While planning the perfect workout schedule for January and beyond, it's no longer all about HIIT, long runs and lifting heavy weights (although they are still great as part of a balanced routine). We've called on experts in the field to share where they think the fitness scene is sprinting next in order to give you an effective training session for both your physical and mental health.

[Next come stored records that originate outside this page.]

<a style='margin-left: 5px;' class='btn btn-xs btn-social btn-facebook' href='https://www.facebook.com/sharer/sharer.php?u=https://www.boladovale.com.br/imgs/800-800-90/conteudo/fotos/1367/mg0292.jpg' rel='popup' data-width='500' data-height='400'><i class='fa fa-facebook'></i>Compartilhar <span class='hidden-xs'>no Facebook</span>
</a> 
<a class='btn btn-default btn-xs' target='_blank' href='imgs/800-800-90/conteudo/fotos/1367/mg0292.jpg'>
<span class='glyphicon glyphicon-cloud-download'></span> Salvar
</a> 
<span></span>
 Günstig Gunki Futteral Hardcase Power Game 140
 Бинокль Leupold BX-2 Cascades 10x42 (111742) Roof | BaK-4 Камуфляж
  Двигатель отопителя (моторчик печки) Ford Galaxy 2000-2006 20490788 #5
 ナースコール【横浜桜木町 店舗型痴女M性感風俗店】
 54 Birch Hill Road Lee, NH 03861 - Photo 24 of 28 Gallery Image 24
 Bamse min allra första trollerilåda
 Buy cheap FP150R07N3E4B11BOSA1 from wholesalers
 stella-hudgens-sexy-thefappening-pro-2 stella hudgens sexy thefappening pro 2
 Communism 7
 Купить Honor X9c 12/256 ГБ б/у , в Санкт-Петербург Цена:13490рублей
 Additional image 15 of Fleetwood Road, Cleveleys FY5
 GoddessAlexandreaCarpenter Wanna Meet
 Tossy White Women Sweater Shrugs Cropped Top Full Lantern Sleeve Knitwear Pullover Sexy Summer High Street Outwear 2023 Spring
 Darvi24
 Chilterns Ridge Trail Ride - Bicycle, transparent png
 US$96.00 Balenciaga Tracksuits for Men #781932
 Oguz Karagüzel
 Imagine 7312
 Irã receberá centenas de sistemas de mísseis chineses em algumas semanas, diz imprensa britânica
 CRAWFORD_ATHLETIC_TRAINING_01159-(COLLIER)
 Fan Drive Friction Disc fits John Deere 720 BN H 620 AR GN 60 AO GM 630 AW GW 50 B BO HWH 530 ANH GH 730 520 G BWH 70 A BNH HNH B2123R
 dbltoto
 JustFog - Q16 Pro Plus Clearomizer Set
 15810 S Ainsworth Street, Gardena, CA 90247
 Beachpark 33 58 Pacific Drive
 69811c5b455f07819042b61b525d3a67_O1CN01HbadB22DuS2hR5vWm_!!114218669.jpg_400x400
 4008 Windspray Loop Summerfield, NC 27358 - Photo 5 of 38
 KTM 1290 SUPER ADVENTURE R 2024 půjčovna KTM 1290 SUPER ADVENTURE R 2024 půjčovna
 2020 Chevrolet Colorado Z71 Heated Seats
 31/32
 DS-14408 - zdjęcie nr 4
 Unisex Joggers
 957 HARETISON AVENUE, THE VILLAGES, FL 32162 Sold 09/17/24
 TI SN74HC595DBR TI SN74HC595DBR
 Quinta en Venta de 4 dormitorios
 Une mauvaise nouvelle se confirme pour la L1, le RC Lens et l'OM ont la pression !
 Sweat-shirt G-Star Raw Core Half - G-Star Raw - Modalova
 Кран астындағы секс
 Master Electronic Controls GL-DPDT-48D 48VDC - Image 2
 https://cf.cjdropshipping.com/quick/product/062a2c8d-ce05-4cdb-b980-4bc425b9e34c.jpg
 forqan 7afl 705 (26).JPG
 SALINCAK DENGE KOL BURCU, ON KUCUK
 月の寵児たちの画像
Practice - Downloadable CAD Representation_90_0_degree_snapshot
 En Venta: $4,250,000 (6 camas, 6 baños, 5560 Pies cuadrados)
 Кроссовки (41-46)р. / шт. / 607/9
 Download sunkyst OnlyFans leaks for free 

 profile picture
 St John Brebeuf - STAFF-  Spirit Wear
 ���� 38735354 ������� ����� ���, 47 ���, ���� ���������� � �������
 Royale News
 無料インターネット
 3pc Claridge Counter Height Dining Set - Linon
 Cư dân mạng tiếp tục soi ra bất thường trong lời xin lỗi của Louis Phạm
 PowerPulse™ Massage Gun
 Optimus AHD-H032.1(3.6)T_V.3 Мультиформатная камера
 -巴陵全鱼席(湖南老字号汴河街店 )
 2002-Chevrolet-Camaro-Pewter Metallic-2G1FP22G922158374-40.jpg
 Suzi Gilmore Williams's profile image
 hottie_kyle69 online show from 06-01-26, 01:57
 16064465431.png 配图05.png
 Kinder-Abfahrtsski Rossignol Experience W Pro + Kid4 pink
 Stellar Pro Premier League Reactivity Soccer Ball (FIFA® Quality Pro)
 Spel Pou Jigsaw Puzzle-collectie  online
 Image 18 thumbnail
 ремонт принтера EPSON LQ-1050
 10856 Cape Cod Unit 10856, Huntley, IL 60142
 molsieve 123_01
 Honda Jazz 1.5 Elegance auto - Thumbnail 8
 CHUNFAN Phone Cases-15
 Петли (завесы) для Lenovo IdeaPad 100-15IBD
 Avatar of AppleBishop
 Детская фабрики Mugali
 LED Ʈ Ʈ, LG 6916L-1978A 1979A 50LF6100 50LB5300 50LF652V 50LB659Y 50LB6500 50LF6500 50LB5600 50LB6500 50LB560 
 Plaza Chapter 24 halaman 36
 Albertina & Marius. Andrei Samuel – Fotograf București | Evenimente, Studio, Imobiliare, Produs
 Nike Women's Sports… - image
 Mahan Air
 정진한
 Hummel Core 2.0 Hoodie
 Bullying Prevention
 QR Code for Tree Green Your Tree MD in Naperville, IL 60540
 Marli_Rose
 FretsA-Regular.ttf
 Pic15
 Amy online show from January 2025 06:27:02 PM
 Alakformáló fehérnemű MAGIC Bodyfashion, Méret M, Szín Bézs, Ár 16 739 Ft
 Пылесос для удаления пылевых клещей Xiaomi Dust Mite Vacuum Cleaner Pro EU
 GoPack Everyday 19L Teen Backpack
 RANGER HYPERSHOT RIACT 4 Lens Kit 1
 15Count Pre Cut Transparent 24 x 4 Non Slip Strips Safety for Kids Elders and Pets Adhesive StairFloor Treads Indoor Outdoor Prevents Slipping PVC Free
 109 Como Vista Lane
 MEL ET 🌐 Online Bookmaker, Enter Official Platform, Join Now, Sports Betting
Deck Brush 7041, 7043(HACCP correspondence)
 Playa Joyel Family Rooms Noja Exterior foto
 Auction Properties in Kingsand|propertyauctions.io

The 2023 workout trends to try this year
From the go-to celebrity exercise class of the moment to TikTok's favorite way to break a sweat and the next-generation fitness tech to make breaking a sweat more enjoyable than ever, it's going to be a sweaty year! With plenty to keep you on your toes this year, all that's left to do is pick out your best workout clothes and get moving...
1. Virtual training
While the pandemic may be over, some of its lasting impacts can still be felt on the fitness scene, like virtual training. This trend of working out at home via a screen is set to grow next year due to the cost of living crisis. "Fitness is beginning to feel like an extravagance that many can no longer afford, with over 1.2 million people in the UK canceling their gym subscriptions according to recent research (opens in new tab)," notes Daniel Sobhani, CEO at Freeletics (opens in new tab).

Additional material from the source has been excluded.